Task requirements:
Word for word, please restate each record and pass over the pictures.

Information supplied:
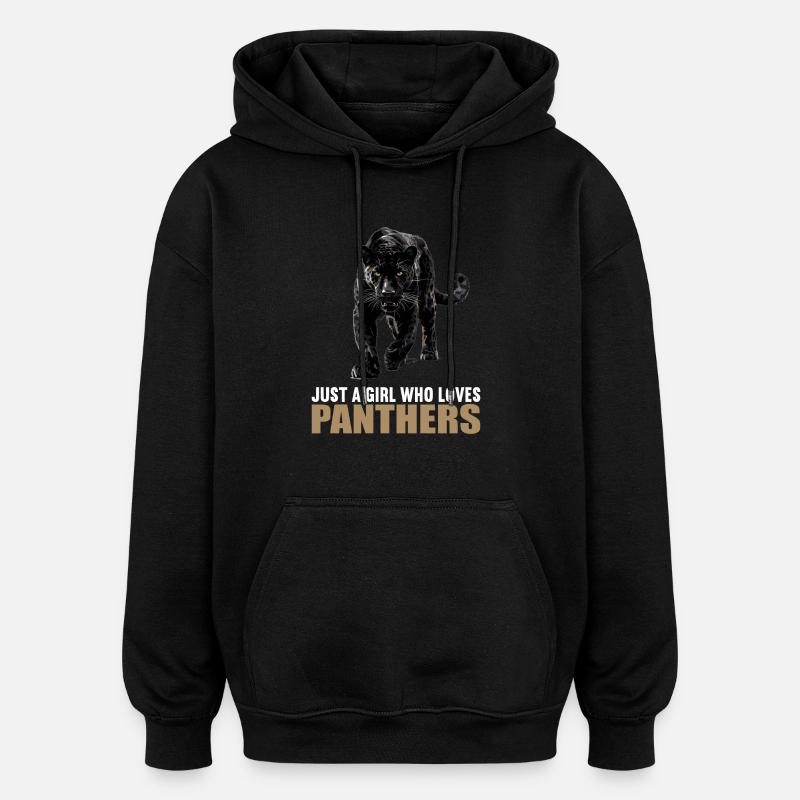 Panthères Panthère - Sweat à capuche oversize unisexe - noir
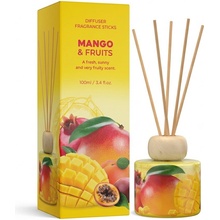 Bartek Candles Aroma difuzér Mango & Fruits s tyčinkami 100 ml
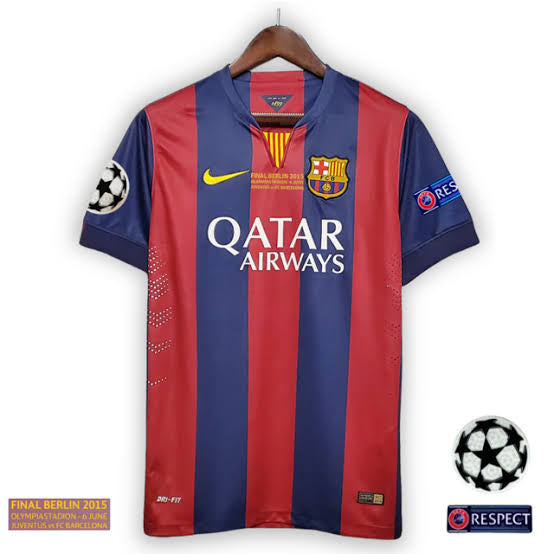 Camisa Barcelona - Retrô 2014/15 - NEYMAR JR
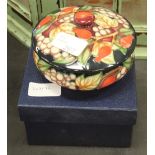 Walter Moorcroft low bowl and cover (boxed)
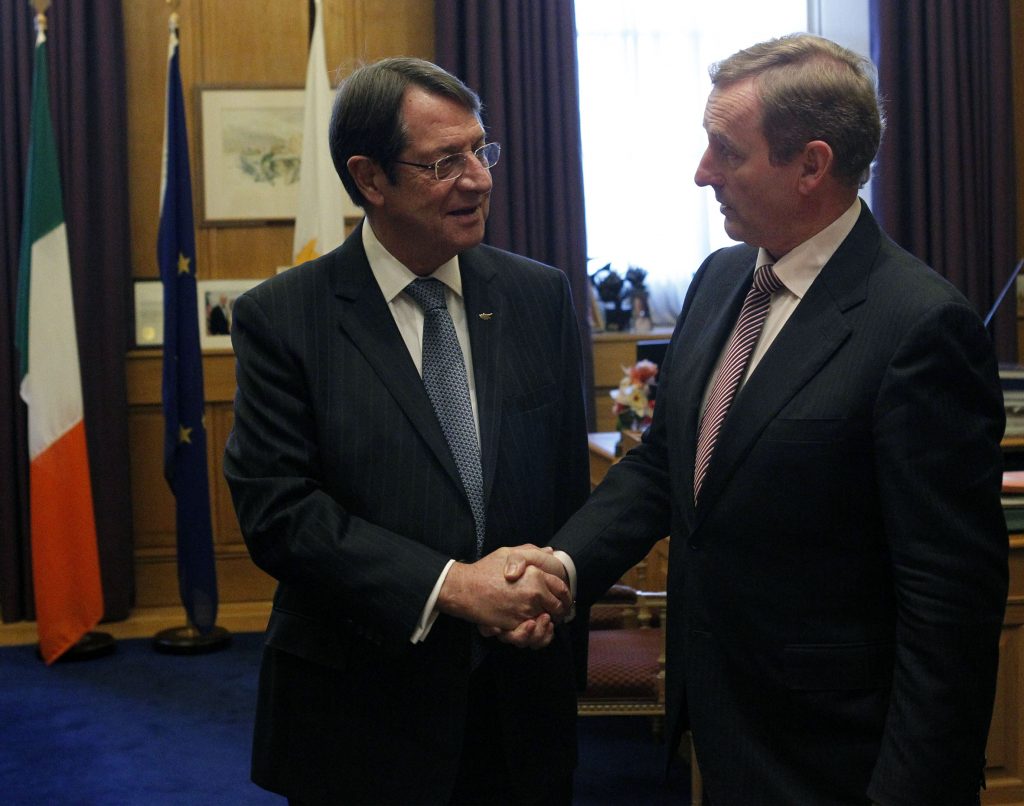 President Anastasiades had a meeting with the Prime Minister of Ireland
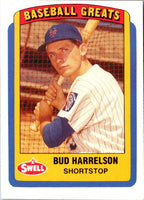 1990 Swell Baseball Greats Bud Harrelson #111
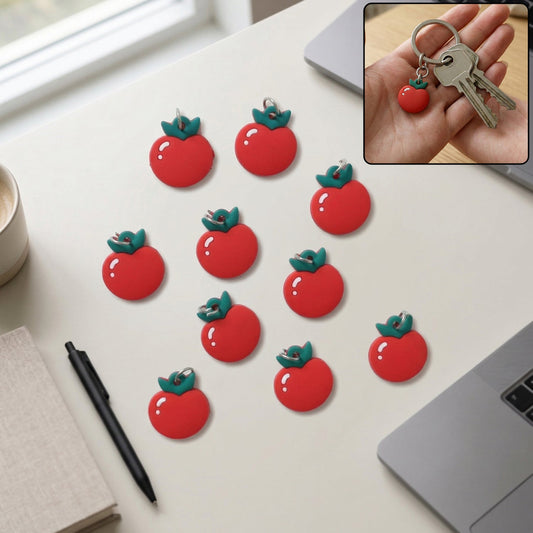 Red apple bag charm keychain
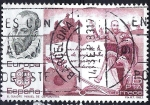 Stamps Spain -  2703 Europa CEPT. El quijote de Miguel de Cervantes.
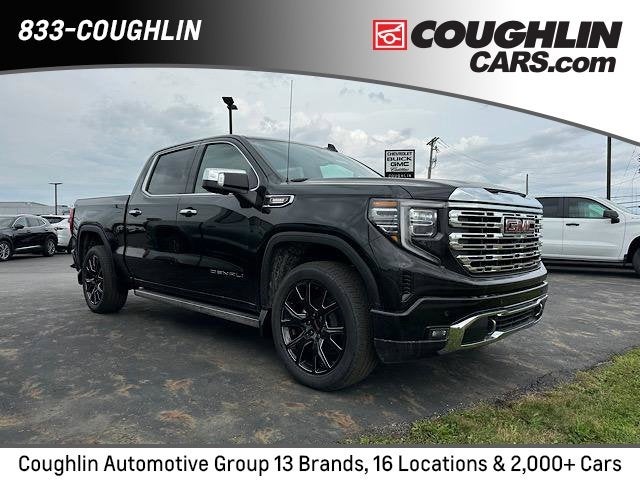A black 2024 GMC Sierra 1500 available at Coughlin GM of Circleville in Circleville, OH.
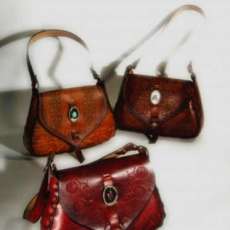 Large bags with cut stones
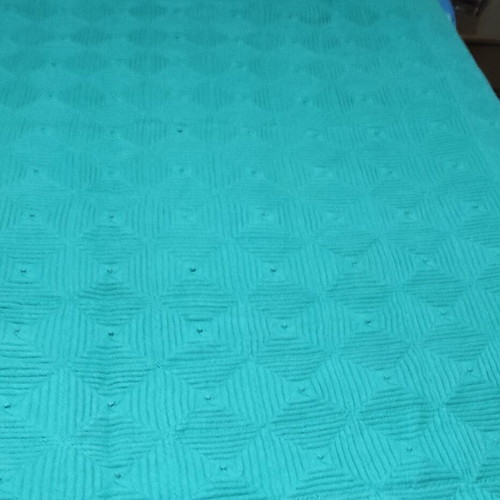 Handmade double wool blanket veraman 195x185 cm like new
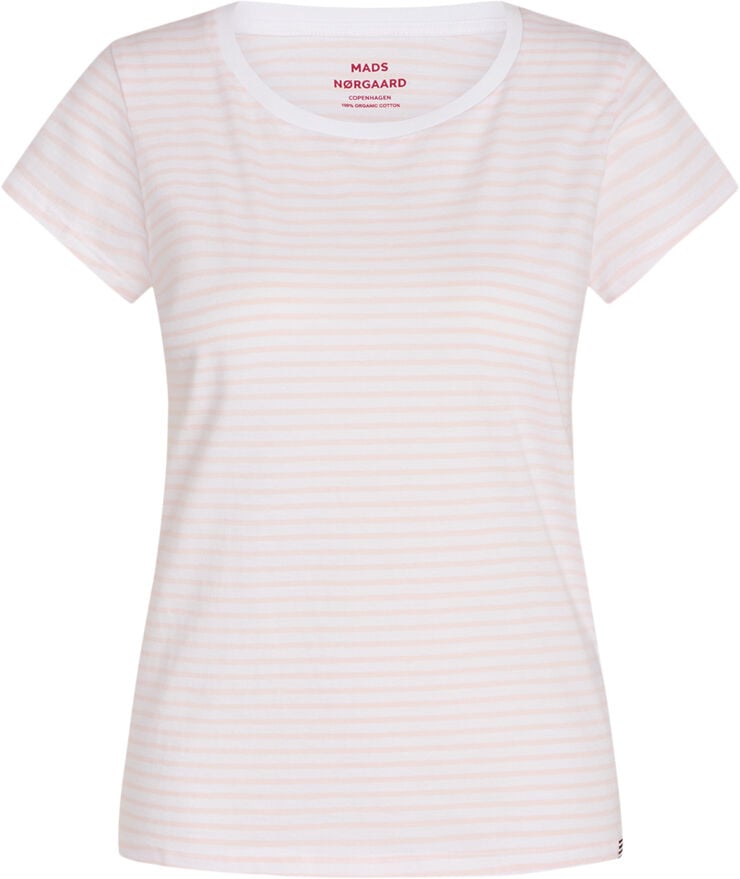 Organic Jersey Stripe Teasy Tee FAV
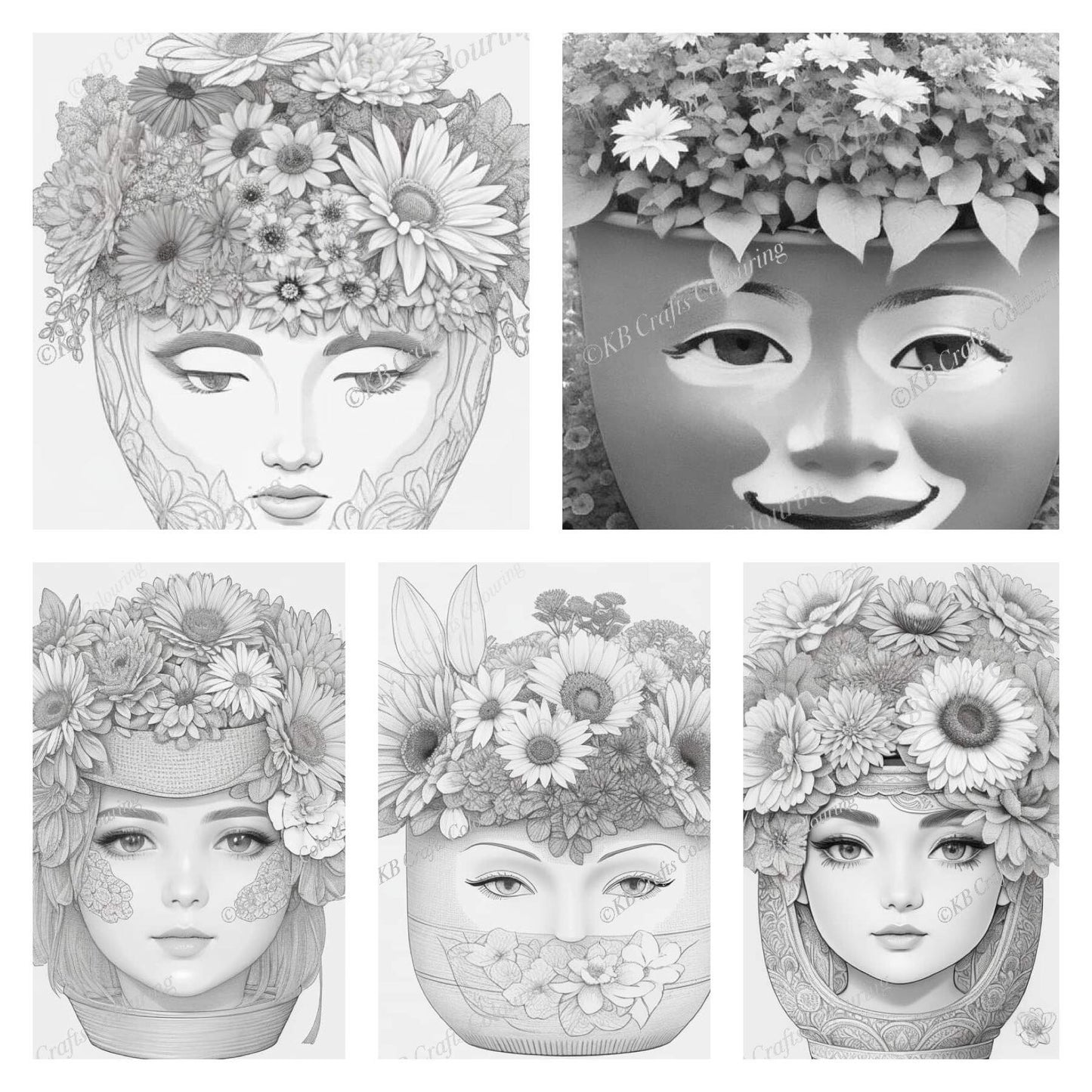 AI Flowerpot Faces
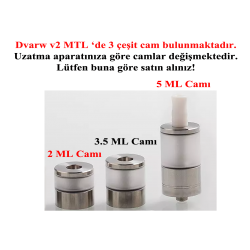 Dvarw V2 MTL RTA Atomizer Camı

Expected output:
 Panthères Panthère - Sweat à capuche oversize unisexe - noir
 Bartek Candles Aroma difuzér Mango & Fruits s tyčinkami 100 ml
 Camisa Barcelona - Retrô 2014/15 - NEYMAR JR
 Walter Moorcroft low bowl and cover (boxed)
 President Anastasiades had a meeting with the Prime Minister of Ireland
 1990 Swell Baseball Greats Bud Harrelson #111
 Red apple bag charm keychain
 Stamps Spain -  2703 Europa CEPT. El quijote de Miguel de Cervantes.
A black 2024 GMC Sierra 1500 available at Coughlin GM of Circleville in Circleville, OH.
 Large bags with cut stones
 Handmade double wool blanket veraman 195x185 cm like new
 Organic Jersey Stripe Teasy Tee FAV
 AI Flowerpot Faces
 Dvarw V2 MTL RTA Atomizer Camı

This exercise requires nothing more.